The Madness of King Donald
Aside from re-inflating the sketch comedy bubble, Trump’s rise has been a boom for neuro-psychological hobbyists, who have diagnosed him with any number of grave conditions, from Alzheimer’s to prion disease to the recently fashionable Narcissistic Personality Disorder.
This last was put to bed earlier this week, when the retired Duke professor of psychiatry who actually crafted the DSM criteria for the disorder wrote to The New York Times to chide “amateur diagnosticians” for their errors of analysis. “Bad behavior is rarely a sign of mental illness, and the mentally ill behave badly only rarely,” he wrote, before suggesting that Trump’s psychological motivations are “too obvious to be interesting” and reminding readers that Trump is not a problem of psychology, but of politics.
This is true, strictly speaking, but it’s also strangely reductive. The contemporary imagination suffers from the modern world’s neurotic desire to divide all knowledge and mental activity into distinct disciplines, and the notion that the president can’t be crazy just because he isn’t clinically, pathologically disordered seems to me to be a deliberately over-narrow parsing of possible truths.
Sanity, as actual psychologists will tell you, isn’t a clinical term at all. It’s a legal concept, and therefore, a political one.
We’re already used to presidential foibles. No one, after all, in possession of the titanic ambition, ruthlessness, and self-regard necessary to become president of the United States can be entirely normal; the position self-selects for a kind of monomania.
But Trump is so deeply weird, so vain, so scattered, so oddly affected, that he really does conjure a question that has vexed subjects, aristocrats, parliaments, and royal courts for millennia: What to do about the madness of a king? (snip)
And here we return to Donald Trump, whose press conference last week (article written Feb. 20) read like an Ionesco play, an absurdist dialogue composed of elementary phrases from a textbook designed to teach foreigners a second language.
He hemmed, hawed, cajoled, made faces, whispered, referred off-handedly to “nuclear holocaust,” asked an African-American reporter if she could set up a meeting with black people in Congress. He talked about blowing up a Russian ship, and yelled that he wasn’t going to tell anyone about his secret plans to do something to North Korea. He complained about the military giving advance warning of assaults on Mosul—he doesn’t understand that they do so to give civilians time to flee—and in so doing, he did a bunch of funny voices.
It was all quite bonkers; you can look that one up in the DSM.
As far as anyone could tell from the video feeds, the entire senior staff of the nascent administration was right there, sitting in the front row. Like any royal court, this one is beset by factionalism and infighting; everyone is in charge, and so no one is. The president is so whacky, so moody, so changeable that they must attend his every public appearance and study every nonsensical utterance in order to attempt to divine where, for the next ten seconds or so, his attention might alight and then use the opportunity to promote their own advantage.
The Republican Congress, which through contrivance and deliberate inaction, has absented itself from responsibility for war, economic policy, and strategic investment and become little more than a House-of-Commons shouting-chamber to an expansive, imperial Executive, sat in its offices watching aghast before dialing their favorite reporters to privately complain that the President of These United States is a goddamn looney tune.

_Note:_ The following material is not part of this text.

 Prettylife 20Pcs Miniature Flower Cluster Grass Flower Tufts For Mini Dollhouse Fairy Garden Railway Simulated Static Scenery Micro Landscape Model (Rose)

The result is a paradoxical feeling of panicked inertness, a sense of a rapidly unfolding crisis that is at the same time encased, immoveable, in amber. Is the president ill? Well, he’s not well. And yet, while we hope that he will be carted off, or at least held in check by whichever of his advisers and secretaries is the least odious, we are also—like all those ministers and congresspeople—transfixed. Whatever we tell ourselves, we have all adopted the idea that the president is some kind of huge metonym for America itself; that is to say, we accept him as a kind of king.